» **Task**
Repeat every line of the data exactly; no picture belongs in the copy.

» **Supplied information**
>>>
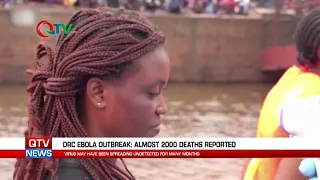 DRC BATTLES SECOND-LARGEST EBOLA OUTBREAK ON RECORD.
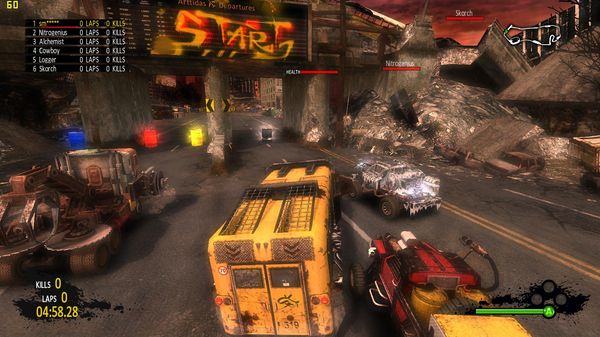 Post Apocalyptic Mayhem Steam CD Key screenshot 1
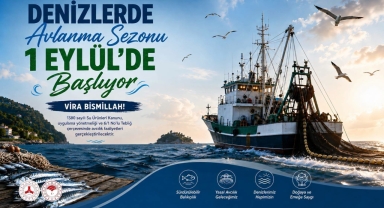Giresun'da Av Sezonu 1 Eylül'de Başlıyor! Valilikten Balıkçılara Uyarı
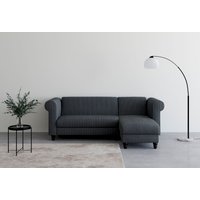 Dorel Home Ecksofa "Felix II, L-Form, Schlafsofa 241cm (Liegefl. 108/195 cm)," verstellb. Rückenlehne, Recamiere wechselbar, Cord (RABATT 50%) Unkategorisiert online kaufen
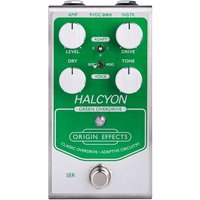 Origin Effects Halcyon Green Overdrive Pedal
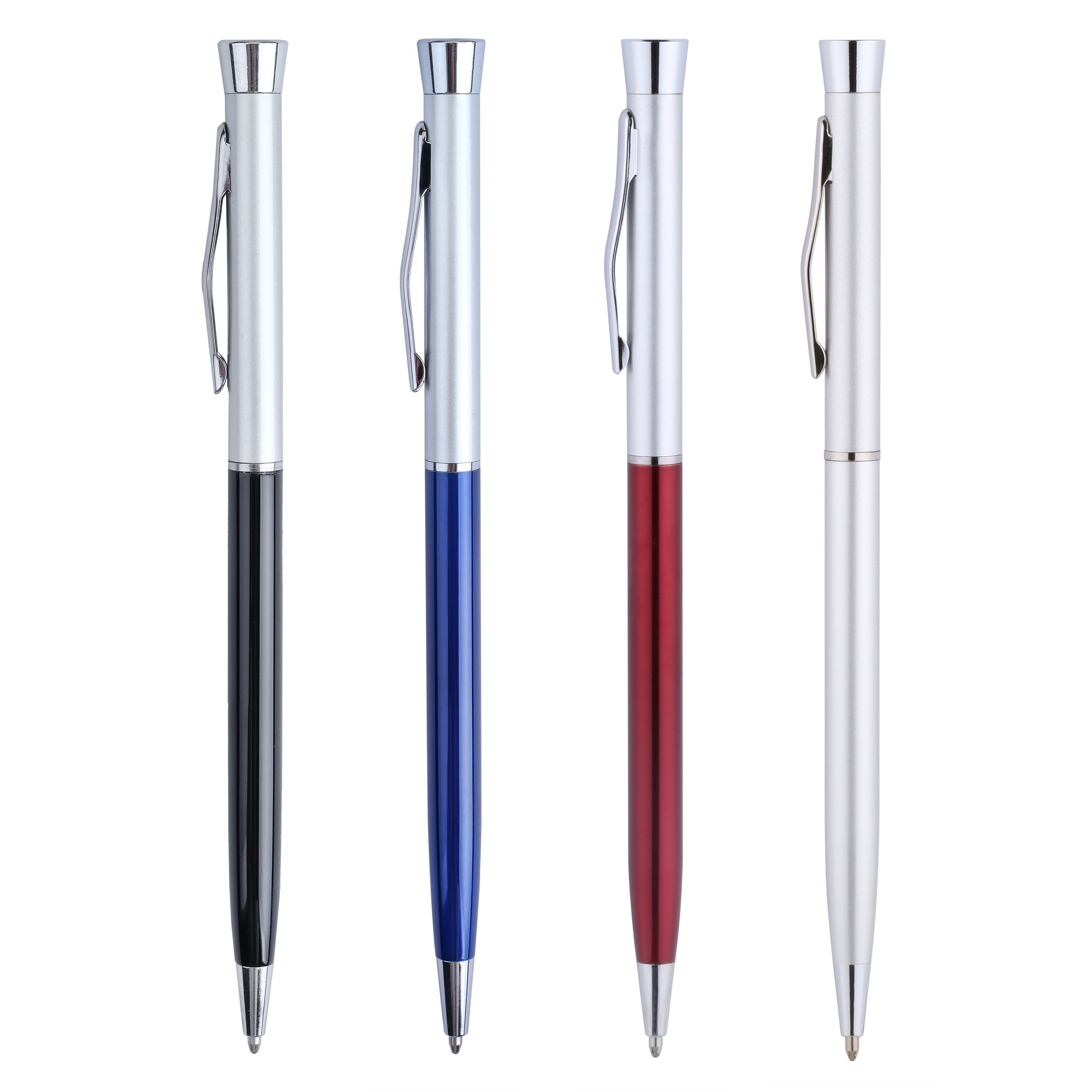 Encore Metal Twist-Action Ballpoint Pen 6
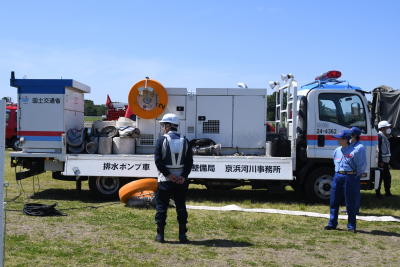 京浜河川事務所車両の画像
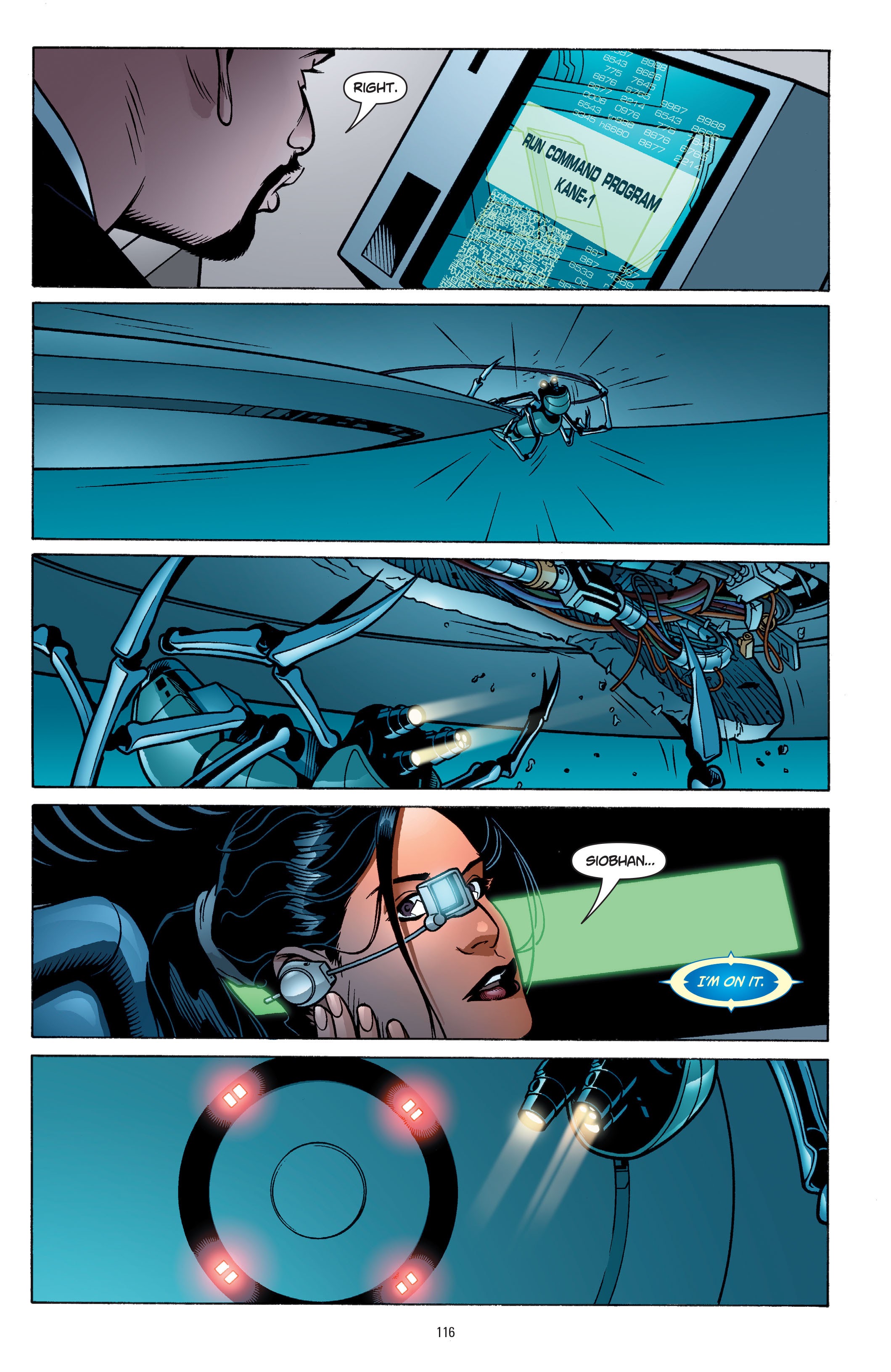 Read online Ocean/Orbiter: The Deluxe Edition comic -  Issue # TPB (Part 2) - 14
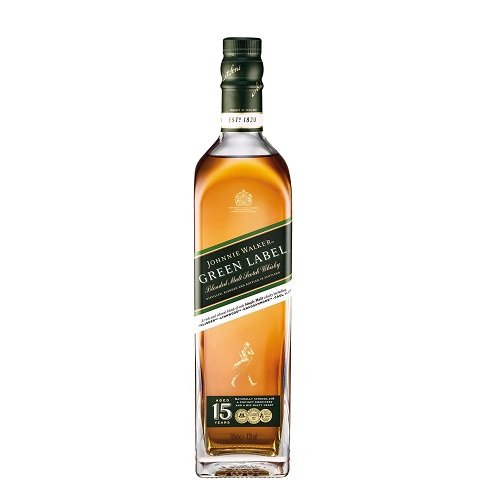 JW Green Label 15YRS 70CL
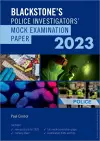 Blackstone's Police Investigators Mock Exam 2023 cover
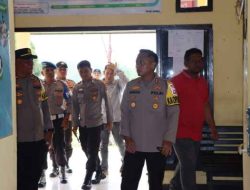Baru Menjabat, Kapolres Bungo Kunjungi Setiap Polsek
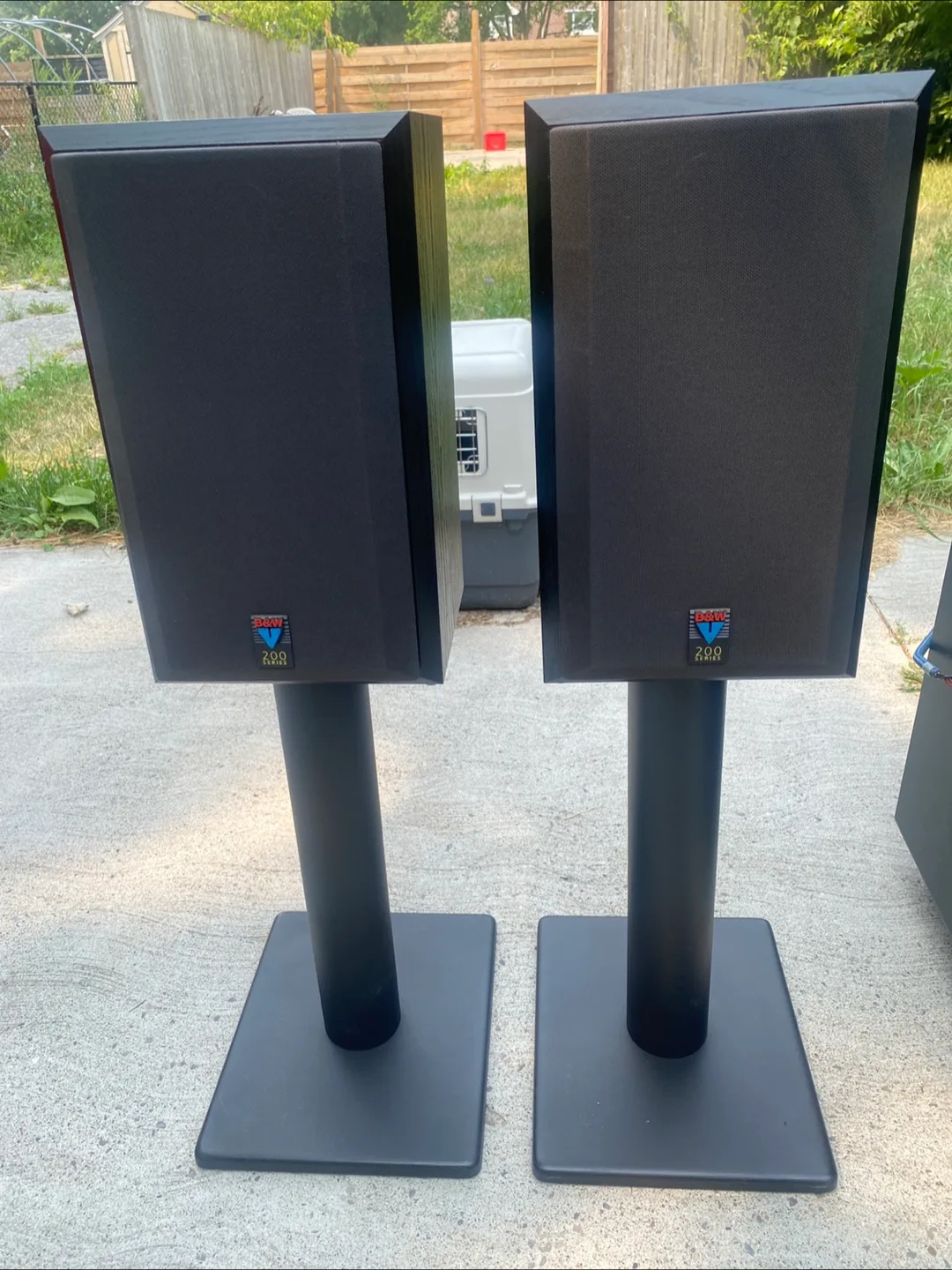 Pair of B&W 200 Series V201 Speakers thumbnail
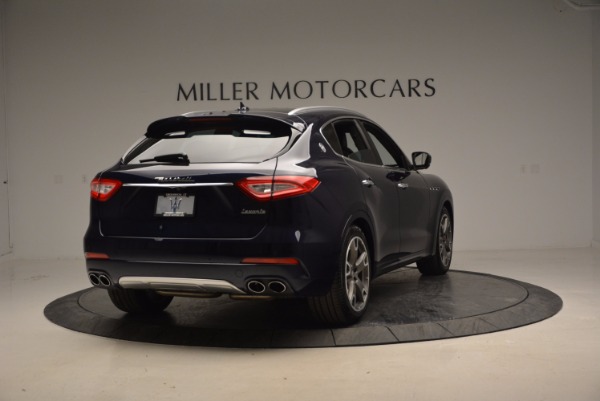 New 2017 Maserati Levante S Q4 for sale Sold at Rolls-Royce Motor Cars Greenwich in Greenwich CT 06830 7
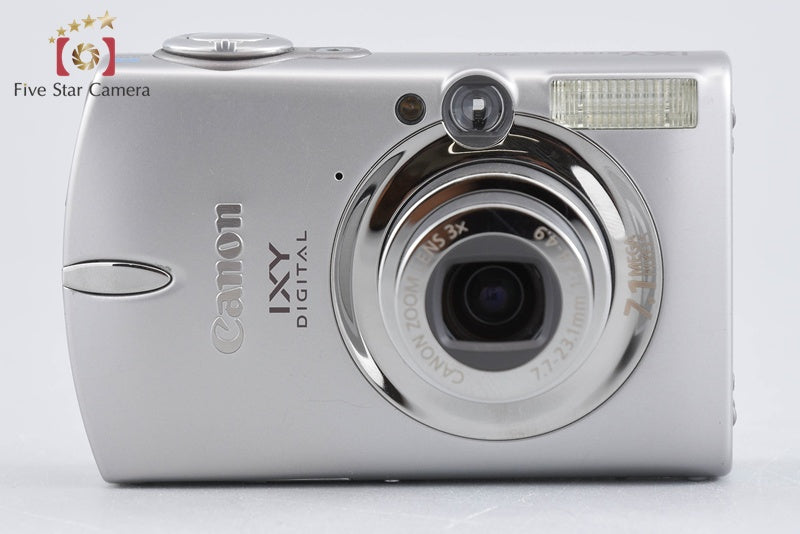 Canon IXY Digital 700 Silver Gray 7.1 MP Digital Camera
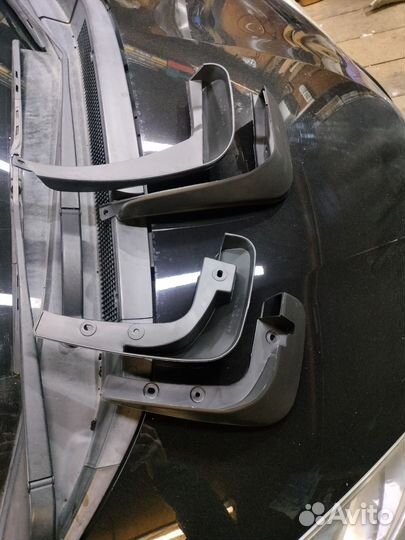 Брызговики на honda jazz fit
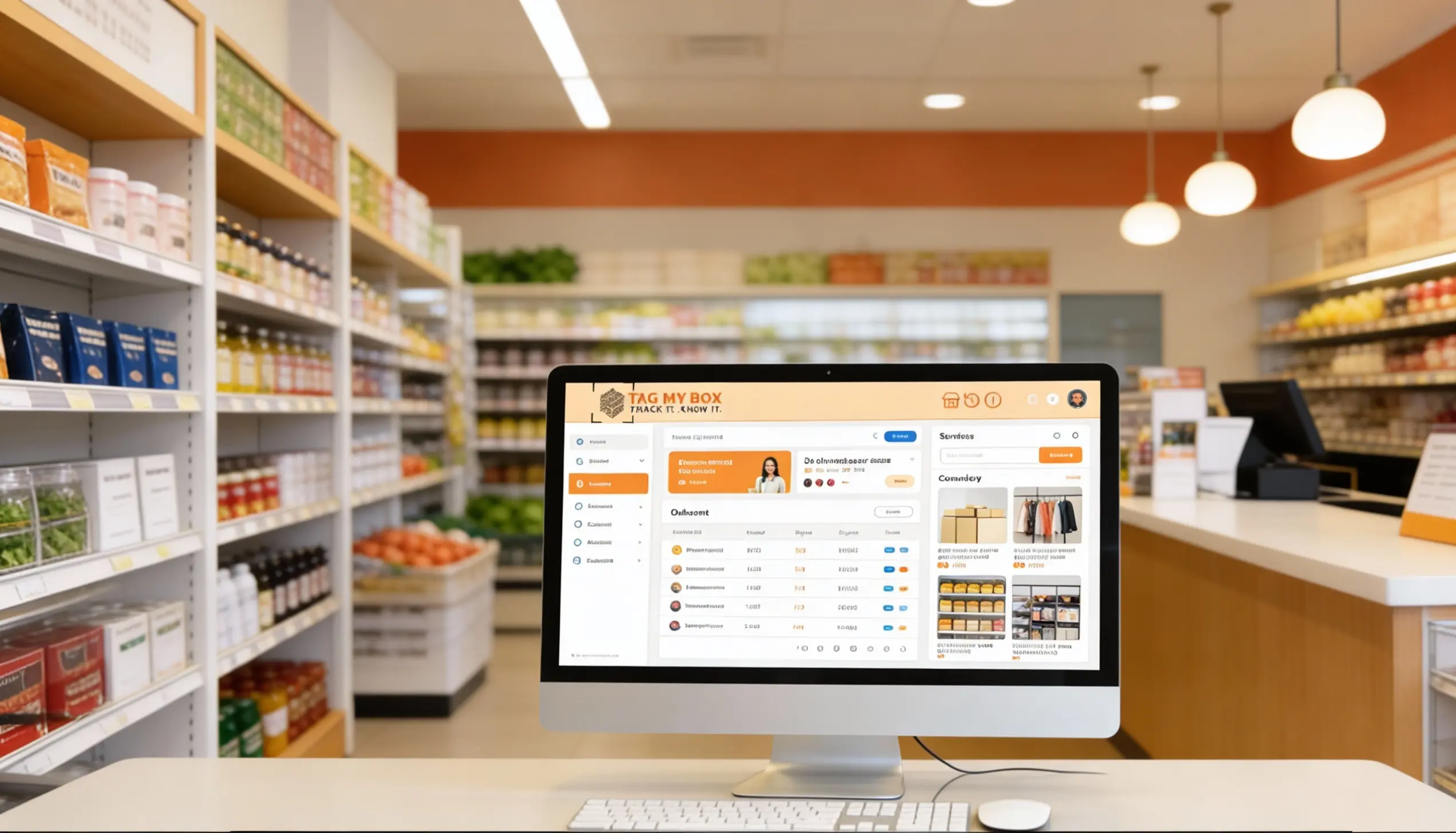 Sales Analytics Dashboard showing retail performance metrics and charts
<<<
» **Exercise answer**
 DRC BATTLES SECOND-LARGEST EBOLA OUTBREAK ON RECORD.
 Post Apocalyptic Mayhem Steam CD Key screenshot 1
Giresun'da Av Sezonu 1 Eylül'de Başlıyor! Valilikten Balıkçılara Uyarı
 Dorel Home Ecksofa "Felix II, L-Form, Schlafsofa 241cm (Liegefl. 108/195 cm)," verstellb. Rückenlehne, Recamiere wechselbar, Cord (RABATT 50%) Unkategorisiert online kaufen
 Origin Effects Halcyon Green Overdrive Pedal
 Encore Metal Twist-Action Ballpoint Pen 6
 京浜河川事務所車両の画像
 Read online Ocean/Orbiter: The Deluxe Edition comic -  Issue # TPB (Part 2) - 14
 JW Green Label 15YRS 70CL
 Blackstone's Police Investigators Mock Exam 2023 cover
Baru Menjabat, Kapolres Bungo Kunjungi Setiap Polsek
 Pair of B&W 200 Series V201 Speakers thumbnail
 New 2017 Maserati Levante S Q4 for sale Sold at Rolls-Royce Motor Cars Greenwich in Greenwich CT 06830 7
 Canon IXY Digital 700 Silver Gray 7.1 MP Digital Camera
 Брызговики на honda jazz fit
 Sales Analytics Dashboard showing retail performance metrics and charts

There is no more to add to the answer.